Femmes Fatales in Ancient Rome: Messalina and Agrippina

By Martijn Icks

Women don’t have it easy in politics. They are held to high, often conflicting, standards by men, but perhaps by other women too. If they happen to be attractive, they run the risk of being shelved in the “bimbo” or “dumb blonde” category: all beauty, no brains. Others may be criticized for their lack of elegance or unfashionable appearance, such as German Chancellor Angela Merkel. Female politicians may be discredited because they are too “feminine” (read: too soft and emotional) or too “masculine” (read: too cold and businesslike), a complaint often made against Hillary Clinton.

In imperial Rome, empresses had image problems as well, but for a different reason: while they shared a bedroom with the most powerful man in the world, they were not supposed to wield any power themselves. As good wives and mothers, they were supposed to take care of the household, give birth to children and see them safely to adulthood, but no more than that. Ever the traditionalist, Emperor Augustus boasted that all his clothes were spun by the women of his own family, whose exalted position apparently had not led them to neglect their domestic duties.

Nevertheless, many Romans – at least Roman men, whose voices we usually hear – had misgivings about women occupying such a prominent place in the heart of power. This can be gleaned particularly well from the reputation of Rome’s two most notorious empresses: Messalina and Agrippina. While both have gone down in history as “bad” women, they were bad in very different and very telling ways.

Messalina and Britannicus

 

Valeria Messalina was the third wife of Emperor Claudius (r. 41-54 CE) and the mother of his only son and heir, Britannicus (who was named in honour of the emperor’s conquest of Britain). An ancient statue shows her as a virtuous wife and mother, her body completely covered, the infant son on her arm reaching out to her. To modern viewers, the image bears a striking resemblance to the Virgin Mary with baby Jesus.

However, a very different Messalina emerges from the literary sources, where she is defined by her unbridled and insatiable lust. Allegedly, the empress snuck out of the palace at night to commit adulteries while Claudius was sleeping and beat the most experienced prostitute of Rome in a sex competition, sleeping with no less than 25 lovers in just 24 hours. She came to a nasty end when the emperor found out that she had married another man. Messalina, in short, represents uncontrolled female sexuality – the very opposite of the chaste image championed by the regime.

Julia Agrippina, Claudius’ fourth wife, was of a different caliber. According to the hostile literary tradition, she was not interested in sex, but in power. As soon as she married the emperor, the historian Tacitus records that:

(…) it was a changed state, and all things moved at the fiat of a woman – but not a woman who, as Messalina, treated in wantonness the Roman Empire as a toy. It was a tight-drawn, almost masculine tyranny. (Annals 12.7)

As the ancient sources have it, Agrippina virtually took control of the government, manipulating her docile husband with great ease to do her bidding. She let no opportunity slip to push her son Nero into Claudius’s eye, even persuading him to adopt the boy and favor him over Britannicus as his heir. When the time was ripe, she poisoned her husband so that Nero could ascend the throne.

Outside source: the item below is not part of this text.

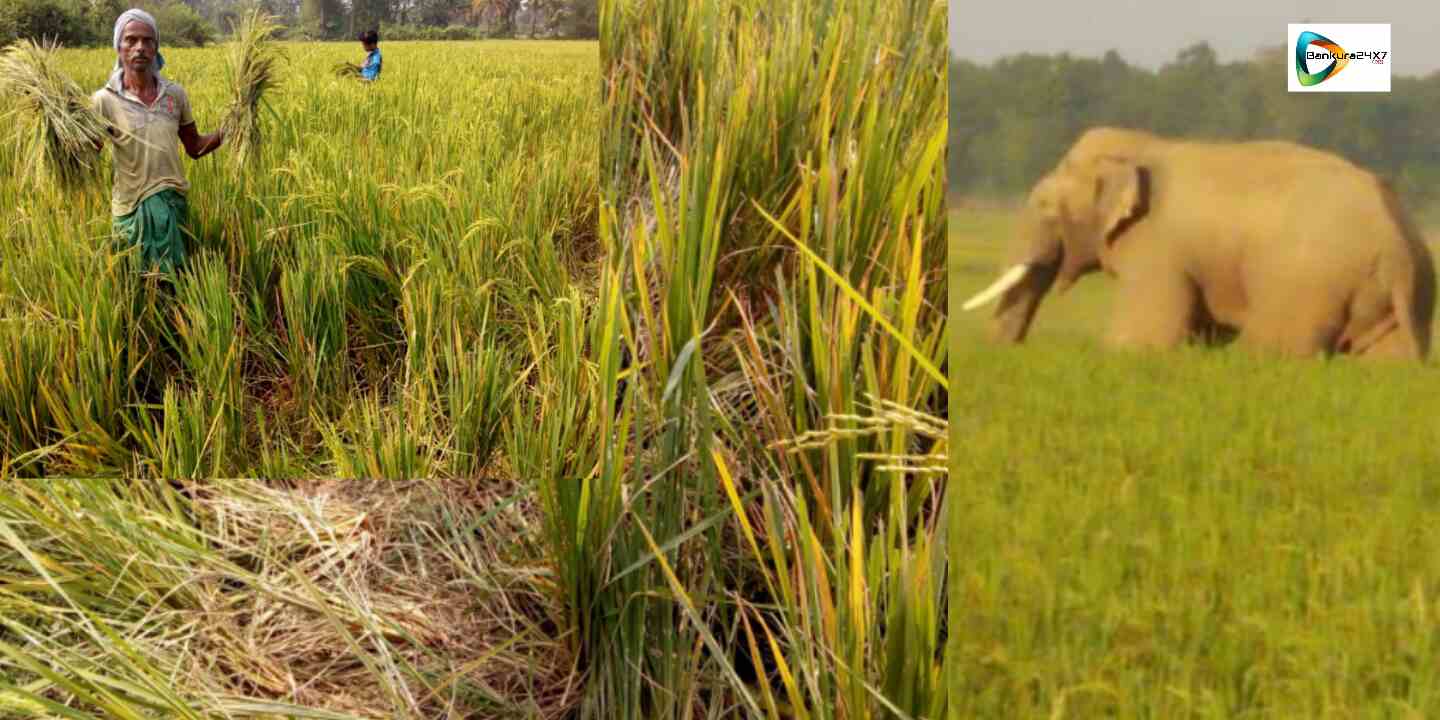 বেলিয়াতোড়ে হাতির হানা ধান জমিতে, ক্ষতির মুখে পড়ে ক্ষুব্ধ চাষীরা হাতি সরানোর দাবীতে সরব হলেন।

Agrippina and Nero on a gold coin

Roman coins attest to Agrippina’s extraordinary position during the first years of Nero’s reign, depicting the new ruler and his mother facing each other on the obverse, the side of the coin usually reserved for the imperial portrait. It was a striking innovation that will surely have raised some Roman eyebrows.

Tacitus and other authors scorn the empress’s usurpation of more and more male privileges. Notoriously, she listened in on Senate meetings from behind a curtain and could barely be prevented from interfering in the reception of a foreign embassy. When Nero tried to free himself from his mother’s influence, Agrippina even made a calculated effort to seduce him to bring him back under her sway. In the end he saw no other solution than having her murdered, although it took quite some effort before she was finally dead.

Even to a casual reader, it’s unmistakable that the figures of Messalina and Agrippina as portrayed by Roman historians evoke male anxieties, each challenging male authority in their own way. Their extremely hostile depictions in ancient literature betray a deeply felt unease with women taking initiative to pursue their own goals – especially if those goals were related to sex or power.

We can take these stories as testimony of a misogynist culture from the distant past. Yet there is something eerily familiar about the images of the man-eating seductress and the domineering wife and mother. Modern women have gained more freedom to pursue a career in politics, but the clichés are by no means a thing of the past.